##### Extracted data #####

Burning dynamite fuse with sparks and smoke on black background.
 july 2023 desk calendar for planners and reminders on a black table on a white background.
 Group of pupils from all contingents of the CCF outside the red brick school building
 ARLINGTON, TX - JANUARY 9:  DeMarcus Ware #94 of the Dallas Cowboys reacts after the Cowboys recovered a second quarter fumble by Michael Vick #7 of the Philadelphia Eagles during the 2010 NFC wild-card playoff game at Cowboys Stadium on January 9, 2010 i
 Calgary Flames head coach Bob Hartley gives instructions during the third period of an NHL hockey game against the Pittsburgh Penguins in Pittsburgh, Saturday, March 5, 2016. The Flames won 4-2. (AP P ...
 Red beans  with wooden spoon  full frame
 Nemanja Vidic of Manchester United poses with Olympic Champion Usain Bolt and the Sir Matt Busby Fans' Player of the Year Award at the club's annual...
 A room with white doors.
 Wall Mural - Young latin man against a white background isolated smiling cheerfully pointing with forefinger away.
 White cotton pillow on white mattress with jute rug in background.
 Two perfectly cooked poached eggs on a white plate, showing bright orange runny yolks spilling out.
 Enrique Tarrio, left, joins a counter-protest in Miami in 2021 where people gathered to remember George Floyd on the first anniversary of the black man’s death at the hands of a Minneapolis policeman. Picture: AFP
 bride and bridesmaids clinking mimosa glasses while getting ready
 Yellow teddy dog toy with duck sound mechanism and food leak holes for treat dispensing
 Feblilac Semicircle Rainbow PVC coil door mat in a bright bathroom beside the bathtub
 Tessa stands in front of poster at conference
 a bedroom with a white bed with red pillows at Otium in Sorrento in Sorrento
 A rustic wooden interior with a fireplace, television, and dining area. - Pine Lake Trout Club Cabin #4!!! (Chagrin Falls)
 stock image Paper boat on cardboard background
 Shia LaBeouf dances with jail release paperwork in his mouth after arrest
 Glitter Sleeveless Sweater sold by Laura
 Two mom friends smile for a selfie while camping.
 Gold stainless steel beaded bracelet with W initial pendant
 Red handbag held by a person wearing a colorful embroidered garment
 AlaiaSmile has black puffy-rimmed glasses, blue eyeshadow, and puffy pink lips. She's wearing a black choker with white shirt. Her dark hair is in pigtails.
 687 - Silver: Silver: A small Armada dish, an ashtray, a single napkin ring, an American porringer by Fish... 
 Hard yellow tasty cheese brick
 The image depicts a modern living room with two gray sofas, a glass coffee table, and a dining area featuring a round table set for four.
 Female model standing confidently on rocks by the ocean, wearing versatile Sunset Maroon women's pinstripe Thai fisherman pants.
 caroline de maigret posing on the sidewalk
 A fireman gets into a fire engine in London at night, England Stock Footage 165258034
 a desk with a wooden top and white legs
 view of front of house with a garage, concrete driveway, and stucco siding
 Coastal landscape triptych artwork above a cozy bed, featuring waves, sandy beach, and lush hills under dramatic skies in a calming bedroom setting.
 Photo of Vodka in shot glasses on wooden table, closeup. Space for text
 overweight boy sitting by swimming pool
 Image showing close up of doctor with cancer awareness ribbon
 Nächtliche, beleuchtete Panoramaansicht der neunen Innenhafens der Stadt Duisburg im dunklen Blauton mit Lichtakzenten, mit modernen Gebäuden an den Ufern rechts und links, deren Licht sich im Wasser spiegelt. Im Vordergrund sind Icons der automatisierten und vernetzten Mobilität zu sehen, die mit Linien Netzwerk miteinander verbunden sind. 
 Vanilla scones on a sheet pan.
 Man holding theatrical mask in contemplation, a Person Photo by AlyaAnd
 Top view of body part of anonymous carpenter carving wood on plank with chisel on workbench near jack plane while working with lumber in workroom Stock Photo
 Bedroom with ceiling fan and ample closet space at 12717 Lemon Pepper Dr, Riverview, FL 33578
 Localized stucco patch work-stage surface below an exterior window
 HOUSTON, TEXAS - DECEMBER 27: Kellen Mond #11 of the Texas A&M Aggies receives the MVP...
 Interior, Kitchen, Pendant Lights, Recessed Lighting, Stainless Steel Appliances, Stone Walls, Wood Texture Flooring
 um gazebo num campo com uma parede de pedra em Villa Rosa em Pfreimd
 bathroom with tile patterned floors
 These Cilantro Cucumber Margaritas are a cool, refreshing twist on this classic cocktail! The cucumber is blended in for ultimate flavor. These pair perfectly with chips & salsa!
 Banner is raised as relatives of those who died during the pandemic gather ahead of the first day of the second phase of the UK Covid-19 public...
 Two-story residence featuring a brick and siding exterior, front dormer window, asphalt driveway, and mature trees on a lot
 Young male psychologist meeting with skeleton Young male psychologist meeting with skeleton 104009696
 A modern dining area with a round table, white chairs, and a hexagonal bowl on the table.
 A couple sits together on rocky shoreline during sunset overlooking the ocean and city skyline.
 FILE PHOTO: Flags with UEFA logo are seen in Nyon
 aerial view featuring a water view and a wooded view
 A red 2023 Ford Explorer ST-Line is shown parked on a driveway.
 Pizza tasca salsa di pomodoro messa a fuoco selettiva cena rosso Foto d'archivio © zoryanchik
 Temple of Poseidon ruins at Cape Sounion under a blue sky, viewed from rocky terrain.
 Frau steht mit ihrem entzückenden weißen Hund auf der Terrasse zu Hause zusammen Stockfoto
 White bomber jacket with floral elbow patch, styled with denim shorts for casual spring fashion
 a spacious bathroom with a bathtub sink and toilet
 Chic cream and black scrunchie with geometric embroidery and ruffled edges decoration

#####

*What the task requires:*
For the lines above, output exactly those from the line containing "bathroom with tile patterned floors" through the line containing "a spacious bathroom", and skip the others.

*Output below:*
 bathroom with tile patterned floors
 These Cilantro Cucumber Margaritas are a cool, refreshing twist on this classic cocktail! The cucumber is blended in for ultimate flavor. These pair perfectly with chips & salsa!
 Banner is raised as relatives of those who died during the pandemic gather ahead of the first day of the second phase of the UK Covid-19 public...
 Two-story residence featuring a brick and siding exterior, front dormer window, asphalt driveway, and mature trees on a lot
 Young male psychologist meeting with skeleton Young male psychologist meeting with skeleton 104009696
 A modern dining area with a round table, white chairs, and a hexagonal bowl on the table.
 A couple sits together on rocky shoreline during sunset overlooking the ocean and city skyline.
 FILE PHOTO: Flags with UEFA logo are seen in Nyon
 aerial view featuring a water view and a wooded view
 A red 2023 Ford Explorer ST-Line is shown parked on a driveway.
 Pizza tasca salsa di pomodoro messa a fuoco selettiva cena rosso Foto d'archivio © zoryanchik
 Temple of Poseidon ruins at Cape Sounion under a blue sky, viewed from rocky terrain.
 Frau steht mit ihrem entzückenden weißen Hund auf der Terrasse zu Hause zusammen Stockfoto
 White bomber jacket with floral elbow patch, styled with denim shorts for casual spring fashion
 a spacious bathroom with a bathtub sink and toilet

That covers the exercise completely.